2. Affirm the protection and inclusion of civil society in the substantive commitments and outcomes agreed at the Conference – The Conference should issue a strong call its final declaration as well as in statements by individual governments for the protection and inclusion of independent local civil society organisations in all aspects of the international, national and local response to the Syrian crisis. Attacks on civil society activists and the criminalization of independent civil society groups that has spiraled over the past six years should cease. Respect of International Humanitarian Law and Human Rights norms should be strongly reaffirmed and accountability for violations by all parties to the conflict promoted. Parties to the conflict have fostered and manipulated social and other community differences to serve their political and military objectives. As such, support to civil society should embody principles of inclusion, with steps taken to ensure that marginalized groups can engage and diversity in terms of gender, age, political, social and other relevant factors.

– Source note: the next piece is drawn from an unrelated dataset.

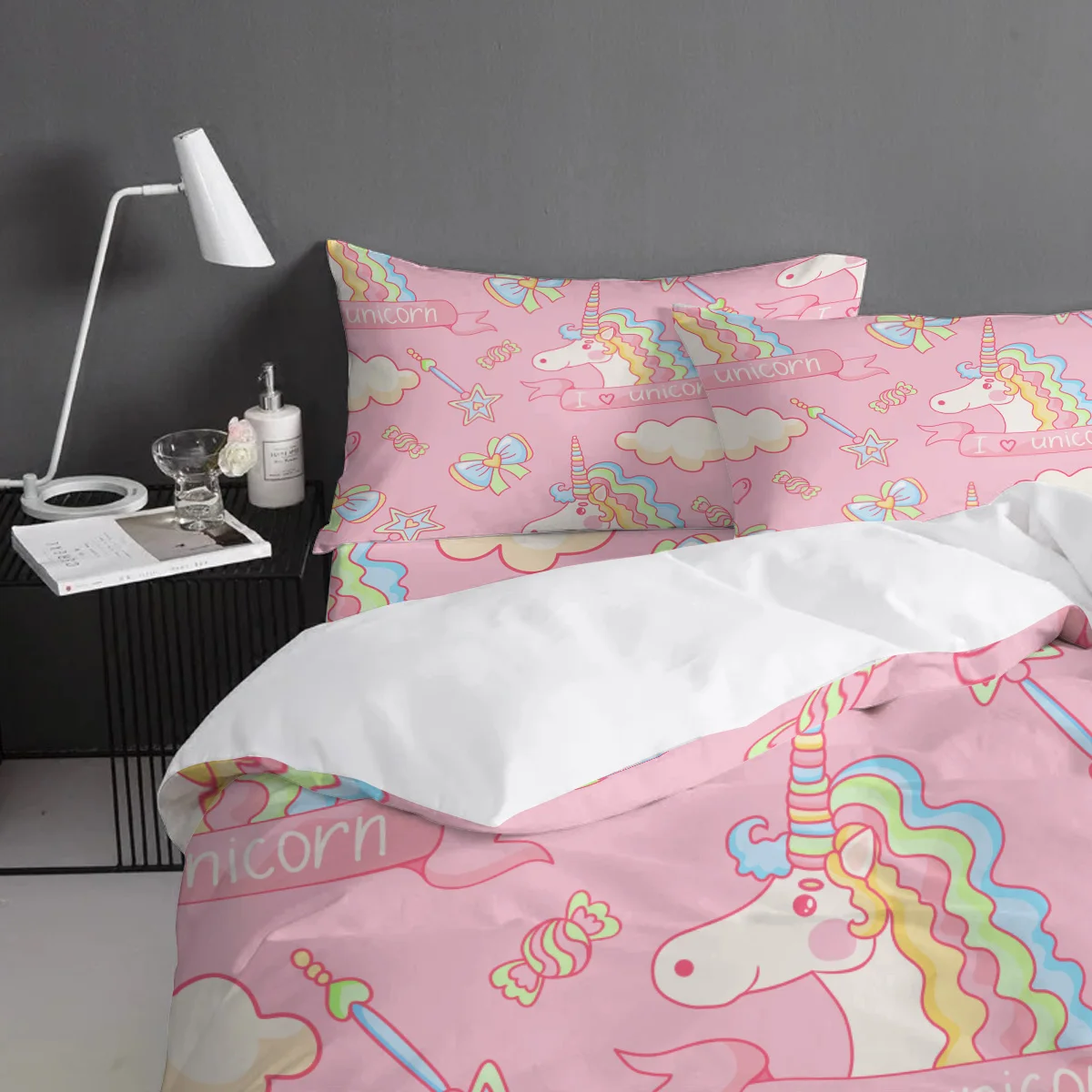 Семейный декор детский стеганый пододеяльник с единорогом и надписью I Love Unicorn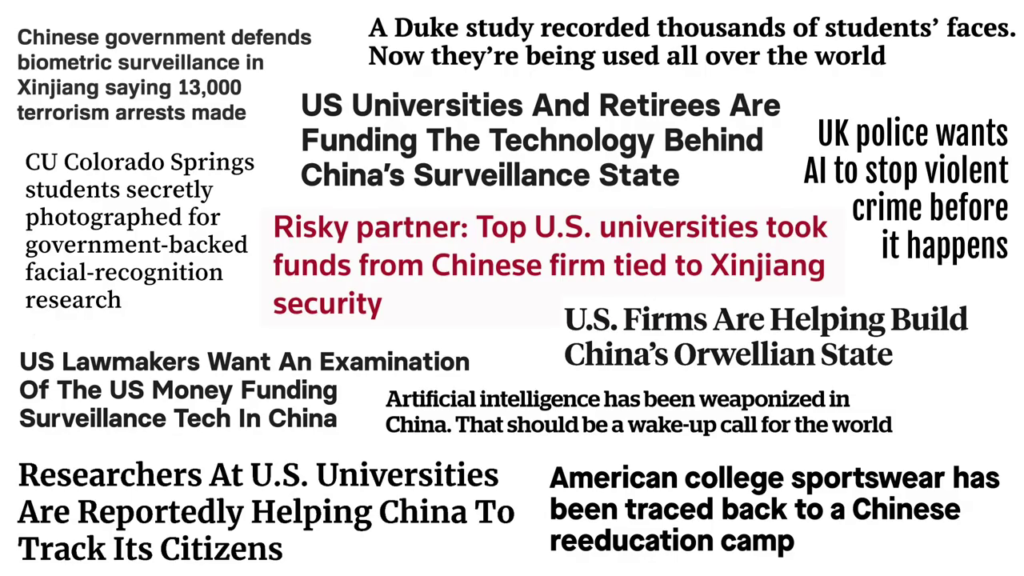 A screen full of news headlines regarding surveillance technology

3. Rethink Reconstruction – Reconstruction cannot just be about bricks and
concrete, it must address the political, social and economic root causes of the
uprising and subsequent violent conflict. The political transition from violence
towards sustainable peace should be inclusive and representing the aspirations of
the Syrian people for freedom and dignity. Reconstruction should be for all of Syria
and all Syrians, and not determined by the imperatives of conflict or political
violence. As such, it should only start and be funded after credible steps toward a
genuine transition. Accountability and justice are necessary for this to happen –
without these, reconstruction efforts risk becoming new fronts in forced
displacement, the dispossession of property, human rights violations and further
rounds of violence. Donors and the UN should not conflate ‘early recovery’ with
premature involvement without the political conditions for reconstruction being in
place. Furthermore, the important role of independent Syrian civil society
organizations should be affirmed in the political track of negotiations on conflict
resolution inside Syria as well as in any eventual ‘reconstruction’ efforts following a
political settlement. They have a central role to play in promoting human rights,
justice, accountability, peace and reconciliation.